I have a healthy recipe here for you today...juicy grilled chicken breasts, topped with tomato, garlic and herbs.
To be honest, I generally find chicken thats not in the form of wings pretty boring, but this recipe did the trick. Nothing is worse than dry chicken, so I used tips from Kalyn on how to make juicy grilled chicken breasts...and it worked perfectly! Lot's of marination (did I make that word up?) went into making this chicken, I used a balsamic marinade for the chicken and marinated the tomato and herbs overnight...all of that marinating led to great flavors. One more great aspect of this dish is once I did the marinating the night before, it was very hands off the next night.

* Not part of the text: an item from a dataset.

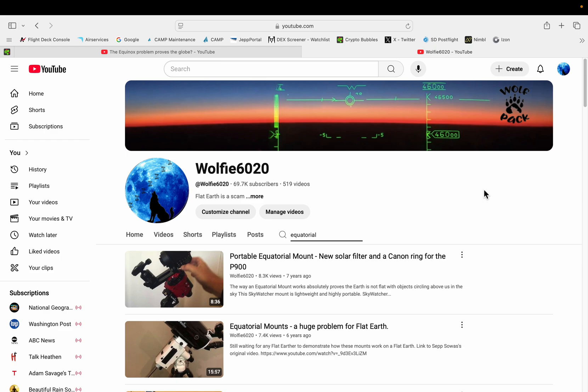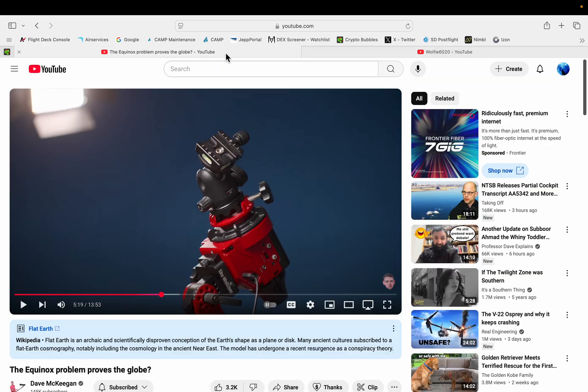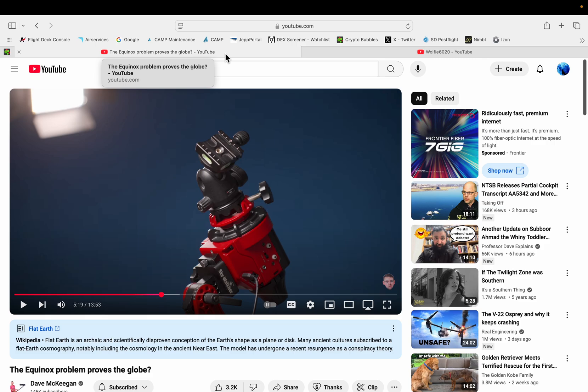But I just wanted to make this video to bring your attention to a video on Dave McKeegan's channel. Dave recently went to Antarctica with an equatorial mount and filmed the 24-hour Sun and he gives a very good explanation of how the equatorial mount works.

Next time you're in the mood for a healthy lunch or dinner give this one a go.
For the Chicken
4 boneless chicken breasts
1/2 cup balsamic vinegar
1/3 cup olive oil
2 tablespoons Montreal Steak Seasoning (or something similar)
1/4 cup dijon mustard
1 tablespoon Sriracha
3 garlic cloves, minced
1 teaspoon salt
1 teaspoon ground black pepper
For the Tomato Topping
3 beefsteak tomatoes, diced
15-20 basil leaves, roughly chopped
6 cloves garlic, minced
1 teaspoon dried parsley
1/2 teaspoon dried tarragon
juice form 1/2 lemon
1 tablespoon crushed red pepper flakes
1/2 teaspoon salt
1/2 teaspoon pepper
In a small bowl, whisk together all ingredients in chicken breast marinade (from balsamic vinegar to ground black pepper) and place in large ziploc bag with chicken to marinate in the refrigerator overnight.
In a seperate bowl, combine all ingredients in the tomato topping and marinate in the refrigerator overnight.
The next day, preheat grill to medium high heat. Cook chicken breasts for 8 to 10 minutes or until cooked through (165 F).